06/27/2017 11:55AM

Ben's Cat retired from racing at age 11

Barbara D. Livingston
Ben's Cat, 11, has been retired from racing and will spend his retirement on a Kentucky farm.

In sports, nothing lasts forever, but for a number of years it seemed as if Ben’s Cat, the pride of Maryland, just might. Now 11, and a step or two slower than he used to be, King Leatherbury has made the decision to retire him.

Leatherbury bred and owns the Maryland-bred gelding. He trained him through eight seasons on the racetrack.

A son of Parker’s Storm Cat out of the Thirty Eight Paces mare Twofox, Ben's Cat concludes his career with 32 wins from 63 starts. He won 26 stakes, more than $2.6 million, and leaves behind a legion of fans that he thrilled time and time again.

"I feel bad about stopping on him because he still likes what he does and I still like sending him out there," Leatherbury said Tuesday morning. "It's a shame, but as a trainer you only have so many excuses. The bottom line is he's just not getting anything anymore."

Ben's Cat finished ninth, beaten 4 1/2 lengths, last Saturday at Laurel Park in the Mister Diz Stakes, a race he won six consecutive years from 2010-15. In three starts this year, Ben's Cat didn't race terribly but was lacking the late run that had become his hallmark.

Ben's Cat didn't make his first start until he was 4 in 2010. He would race in the Mid-Atlantic each year from spring until fall and then spend his winters recouping on a Maryland farm.

Leatherbury would follow the same series of stakes with him each season, and Ben's Cat would almost always deliver in the most unpredictable division in racing – sprinting on turf.

"When he was in his prime, I was so confident every time he would run," Leatherbury said. "He just kept winning."

Ben's Cat won the Jim McKay Turf Sprint at Pimlico five of six years between 2011 and 2016. He won the Grade 3 Parx Dash three consecutive years from 2012-14 and the Maryland Million Sprint three straight times from 2010-12 before he ran out of competition and the race was dropped from the schedule.

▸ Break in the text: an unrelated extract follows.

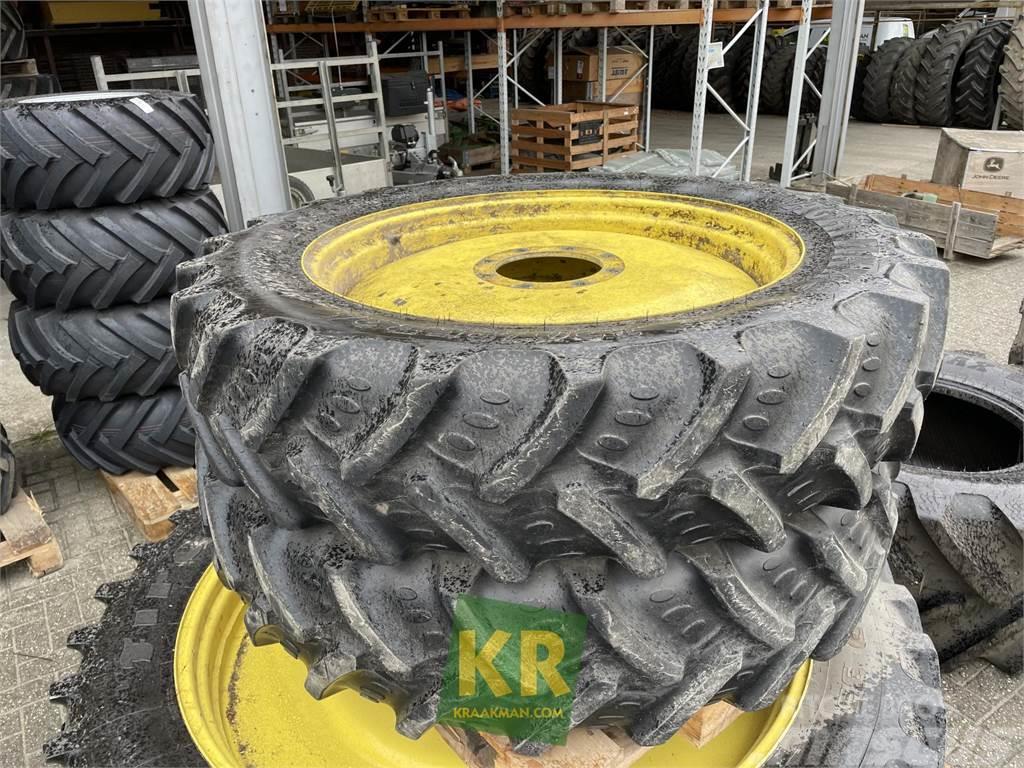 BKT 320/85R36 op velg Neumáticos, ruedas y llantas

Possibly more remarkable, Ben's Cat concluded his 2012, 2013, and 2014 seasons by switching from turf to dirt and winning the $250,000 Fabulous Strike Stakes under the lights at Penn National.

Ben's Cat's stakes wins also include two editions of the Grade 3 Turf Monster at Parx Racing, two runnings of the Laurel Dash, and the Pennsylvania Governor's Cup at Penn National. In 2010, his first season of competition, he won the Find Stakes at Laurel Park going 1 1/8 miles on turf.

Ben's Cat was the Maryland-bred Horse of the Year for four consecutive years, from 2011 to 2014. No other horse has been voted the award more than twice in a row.

Leatherbury, 84, is the fifth-winningest trainer in Thoroughbred history with 6,485 victories. He credits Ben's Cat for his 2015 induction into racing's Hall of Fame.

"I had a great run but when you get older you don't get the owners like you used to, they go to younger trainers," Leatherbury said. "Ben came along when I was dying out. He kept me rolling and he got me into the Hall of Fame. He got the attention of the nominators and the voters. I'm sure of it."

According to Georganne Hale, the director of racing for the Maryland Jockey Club, Laurel Park intends to hold a celebration of Ben's Cat's career this fall.

Ben's Cat will spend his retirement on the farm of Christina Welker in Versailles, Ky. Welker is married to Bayne Welker, the vice president of sales for Fasig-Tipton. Ben's Cat left for his new home Wednesday evening.

"Mrs. Welker comes to the Preakness every year, and she always tells me that when he is ready to retire that she'd love to have him," Leatherbury said. "I called her last night and said, 'This is the call you've been waiting for.' "

Welker said she fell in love with Ben's Cat five years ago. She wrote Leatherbury a letter 2 1/2 years ago asking that he consider sending Ben's Cat to her farm when he retired. Welker said she is good friends with Hale, who helped make the arrangements.

The Welkers' farm is a commercial breeding operation. The farm is 75 acres and home to 25 horses. "Everybody has plenty of room," Welker said.

Ben's Cat is not the first off-the-track Thoroughbred the Welkers' have had. Pickin N Singin, a son of Unbridled's Song who made five starts in 2009, had a successful career in the show ring for Welker and lives at the farm.

"Ben might find his way to some local things too," Welker said. "I'll figure out what he wants, and we'll let him do those things. If he wants to go for trail rides or be a hunter/jumper, he'll have the chance. It's time for The Cat to be treated like a king, no pun intended."

Welker said she would welcome visitors to the farm to see Ben's Cat.